Mam Tor

3 p.m.; Mam Tor, drawn in my A6 notebook. I’m travelling light this afternoon.

WE’D FINISHED a morning of errands and stopped for a coffee and bagel and it was then that we realised that we had a free afternoon. Ninety minutes and 33 miles later, we arrived at Hope in the Peak District and took the easy walk alongside the river to Castleton.

A Dipper stood ankle-deep in the water by a gravelly island on a bend in the river, pecking amongst the pebbles. The last time I saw a Dipper was 5 weeks ago today when I spotted one flying along just above a river on our return train journey from Wengen, Switzerland.

Sitting with a pot of tea in the back garden at the Castle Inn with Mam Tor, the Shivering Mountain, as a backdrop isn’t quite as spectacular as sitting outside a mountain restaurant at the foot of the north face of the Eiger but it’s equally charming and far more accessible for us.
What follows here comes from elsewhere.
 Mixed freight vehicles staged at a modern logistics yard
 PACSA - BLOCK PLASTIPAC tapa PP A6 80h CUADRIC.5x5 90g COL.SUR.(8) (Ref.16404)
Here Jackdaws replace the Alpine Choughs that came down to the cafe tables at Kleine Schiedegg.

One of the Jackdaws lacks a black cap; a youngster. It begs for food from both parents without success before one picks up a scrap of food from the turf and feeds it.

Brockadale

AFTER SO many Robin Hood talks during the past two days we’re here on a Wakefield Naturalists’ Society field meeting at a place which has long been associated with the outlaw. At the start of The Little Gest Robin Hood stands leaning against a tree in Barnsdale Forest. The forest was extensive and stretched northwards from the borders of Sherwood, so which part of Barnsdale did the ballad writers have in mind?
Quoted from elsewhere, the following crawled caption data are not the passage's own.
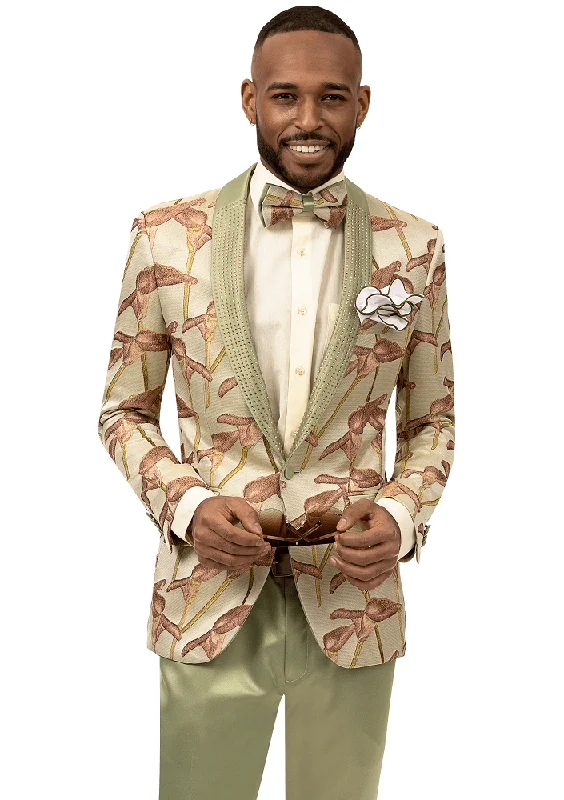 Plus Size Men's Floral Print Blazer in Pink and Purple for a Bold and Fashion - Forward StatementFern Green Floral Print Fashion Blazer-Soprano J126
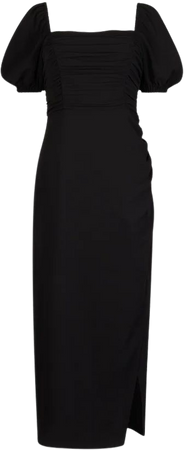 Afina Verona Ruched Midi Dress Black | French Connection US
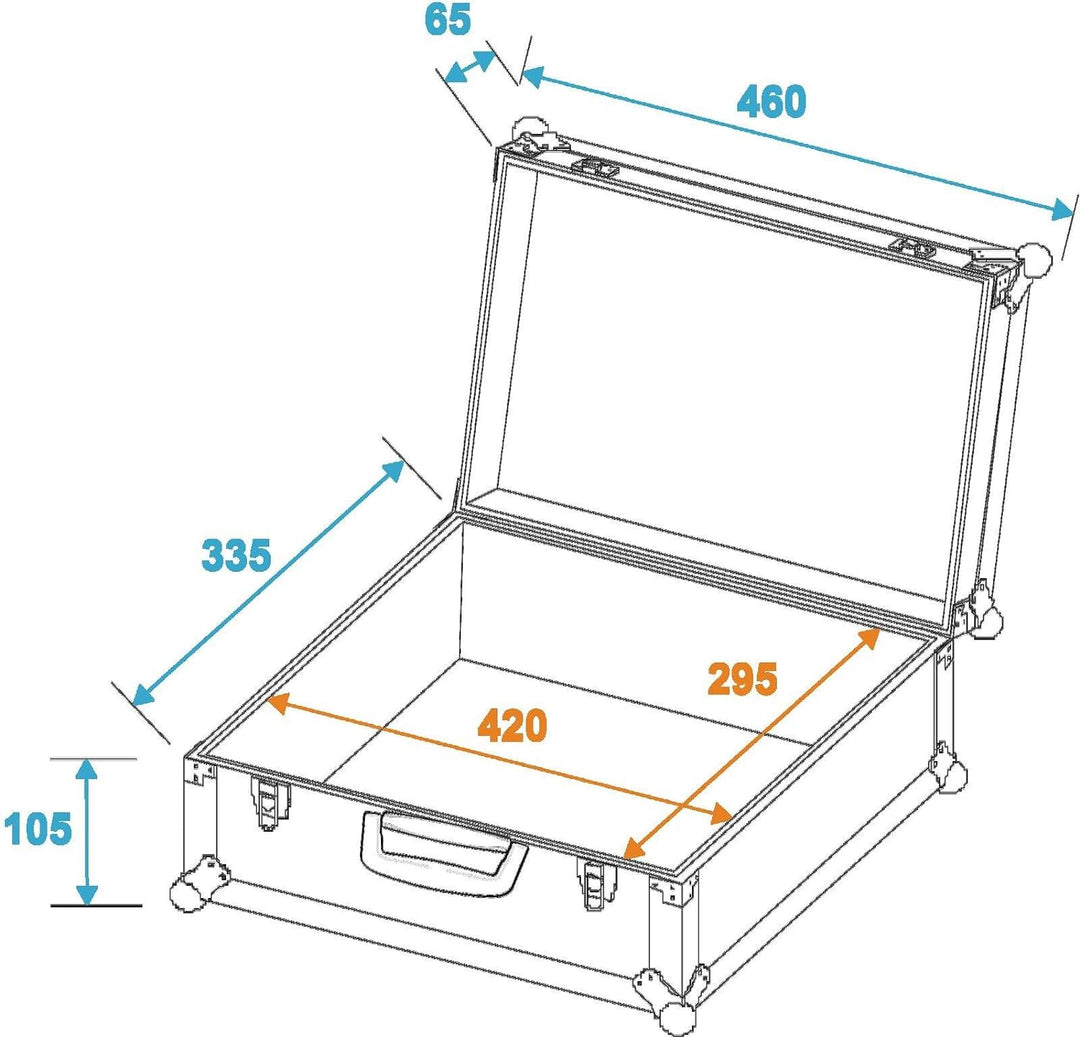 ROADINGER Universal-Koffer-Case FOAM, schwarz | Flightcase mit Schaumeinlage, 420 x 120 x 295 mm (In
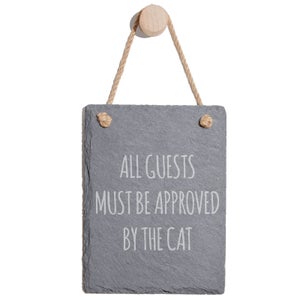 All The Guests Must Be Approved By The Cat Engraved Slate Memo Board - Portrait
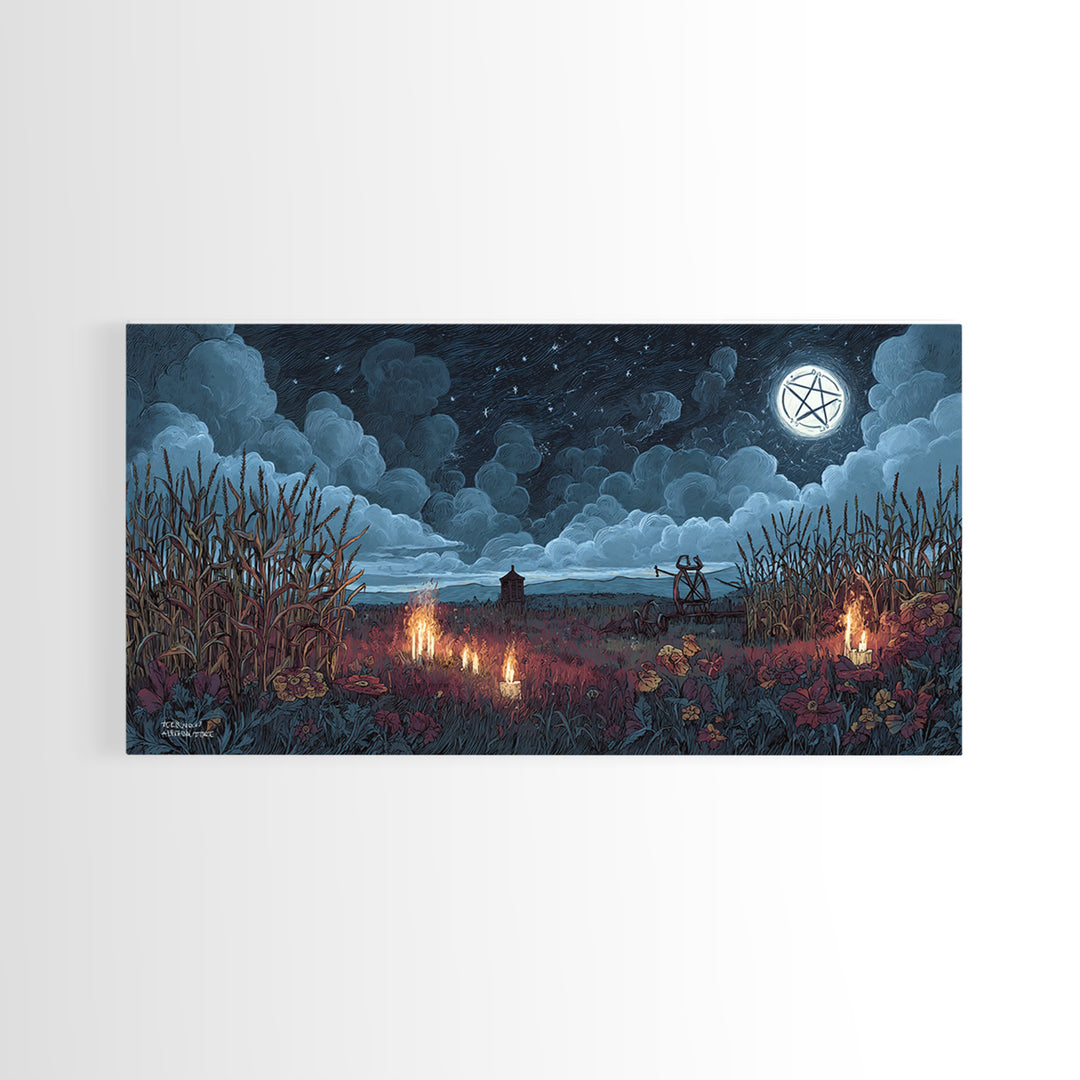 The Harvest Of The Eldritch Field, Occult Wall Decor, Wide Panoramic Art, Framed Canvas Print, Halloween Home Decor, Gothic Wall Art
As at the start of the story Robin tells Little John, William Scarlock and Much to ‘go up to Sayles’ to scan the Great North Road for a ‘dinner guest’ (one who will subsequently be asked to pay!) they must be down here in Brockadale. Sayles is an outcrop overlooking the valley, now marked on the map as Sayles Plantation. Going back as far as 1841, iron age earthworks at Sayles were shown on the Ordnance Survey map as ‘Castle Hills’. Castle Hill is surrounded by several tower-like crags so it could have served as a look-out post and a defensible position for a band of archers.

Castle Hill was excavated a few years ago prior to an extension of quarrying operations. If the archaeologists discovered Robin’s hidden booty, they kept quiet about it.
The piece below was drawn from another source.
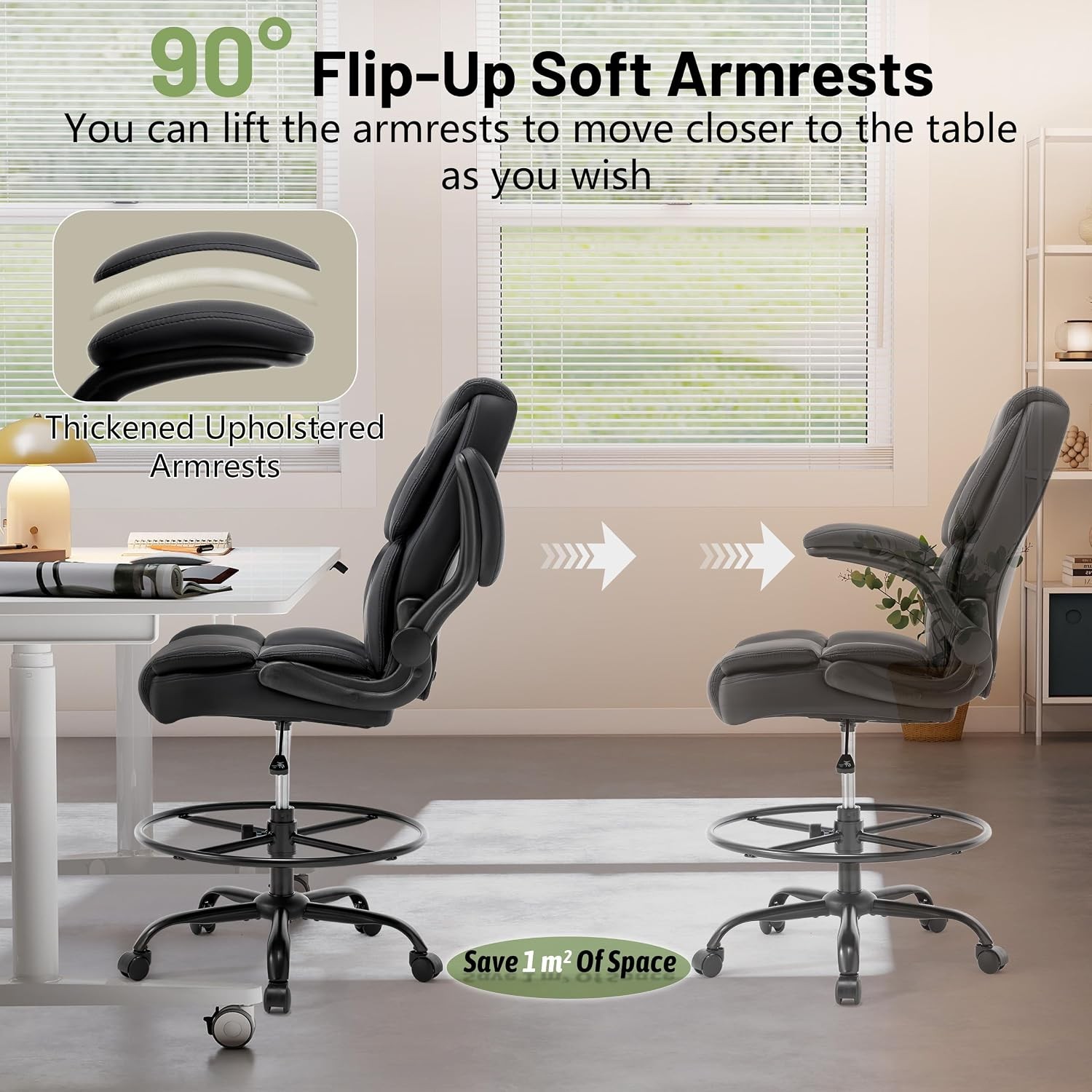 500LBS Drafting Chair High Back Safer Standing Desk Chair Executive Tall Office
Now managed, in part, as a Yorkshire Wildlife Trust reserve, Brockadale straddles the borders of North and West Yorkshire.

Damsons

Chapel Lane, Little Smeaton, 10 a.m.

JULY IS the middle of our summer but in the hedgerows there’s a feeling that autumn isn’t too far away. Hawthorn berries are beginning to appear – still green at the moment – but these damsons by the lay-by are well on their way to being ripe.

I’d always assumed that the ‘brock’ in Brockadale referred to the badger but apparently it means ‘broken dale’; the slopes are broken by craggy outcrops of magnesian limestone. The name might refer to quarrying on the valley slopes.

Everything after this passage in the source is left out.